THE PROBLEM:
Restate word for word the entries below, starting with the line with "The First Baby" and continuing through the line with "Cao đẳng Việt". Include both of those lines and no others.

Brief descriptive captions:
____________

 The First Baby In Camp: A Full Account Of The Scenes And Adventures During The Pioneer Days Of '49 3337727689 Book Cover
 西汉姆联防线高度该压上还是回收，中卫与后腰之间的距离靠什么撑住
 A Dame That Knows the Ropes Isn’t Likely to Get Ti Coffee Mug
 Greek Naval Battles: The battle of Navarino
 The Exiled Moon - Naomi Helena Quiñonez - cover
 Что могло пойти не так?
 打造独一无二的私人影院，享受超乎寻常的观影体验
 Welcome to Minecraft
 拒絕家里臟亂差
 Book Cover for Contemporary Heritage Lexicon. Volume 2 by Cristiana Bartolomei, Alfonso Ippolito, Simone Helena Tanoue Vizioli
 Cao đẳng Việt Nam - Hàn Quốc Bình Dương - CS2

____________

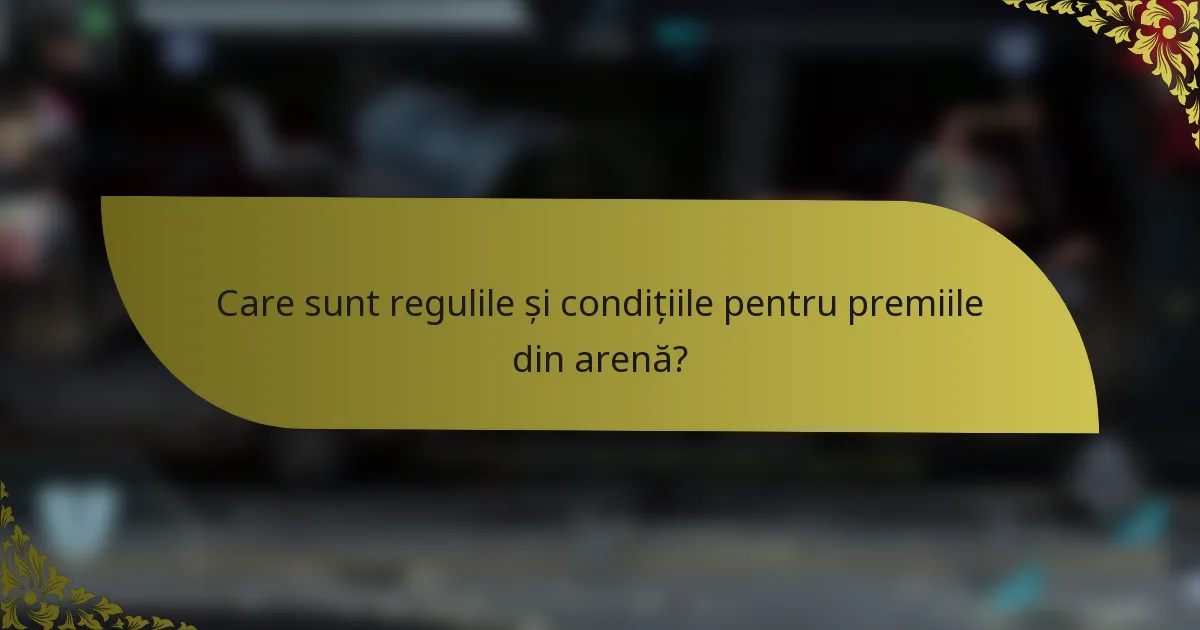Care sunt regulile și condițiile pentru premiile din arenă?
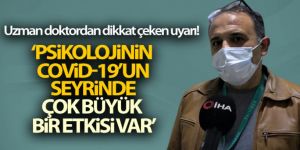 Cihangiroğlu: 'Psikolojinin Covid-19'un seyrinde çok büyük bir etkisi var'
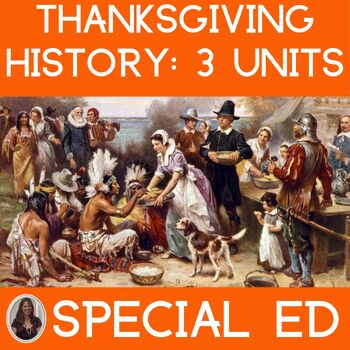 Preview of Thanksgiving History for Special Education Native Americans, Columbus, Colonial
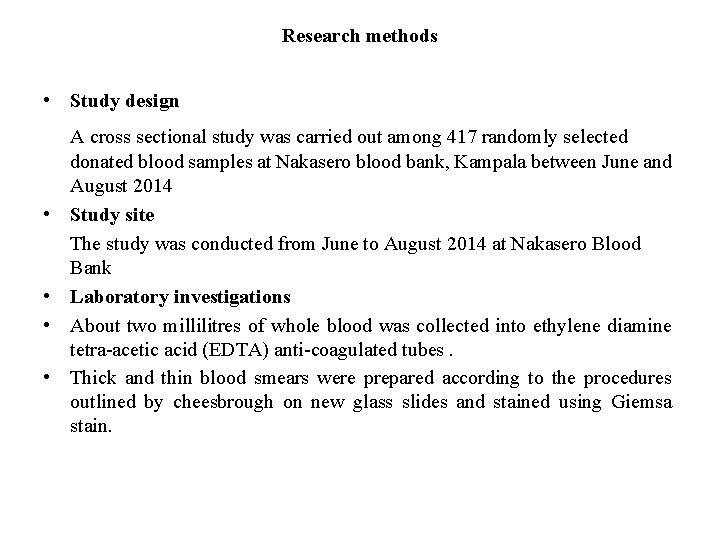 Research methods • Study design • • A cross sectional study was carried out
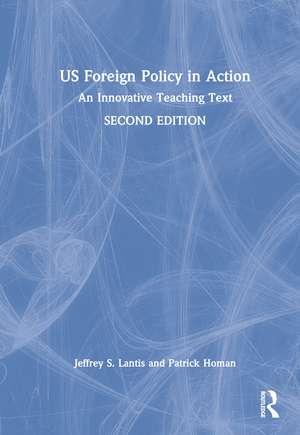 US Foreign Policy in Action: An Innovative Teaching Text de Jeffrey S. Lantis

____________

EXERCISE SOLUTION:
 The First Baby In Camp: A Full Account Of The Scenes And Adventures During The Pioneer Days Of '49 3337727689 Book Cover
 西汉姆联防线高度该压上还是回收，中卫与后腰之间的距离靠什么撑住
 A Dame That Knows the Ropes Isn’t Likely to Get Ti Coffee Mug
 Greek Naval Battles: The battle of Navarino
 The Exiled Moon - Naomi Helena Quiñonez - cover
 Что могло пойти не так?
 打造独一无二的私人影院，享受超乎寻常的观影体验
 Welcome to Minecraft
 拒絕家里臟亂差
 Book Cover for Contemporary Heritage Lexicon. Volume 2 by Cristiana Bartolomei, Alfonso Ippolito, Simone Helena Tanoue Vizioli
 Cao đẳng Việt Nam - Hàn Quốc Bình Dương - CS2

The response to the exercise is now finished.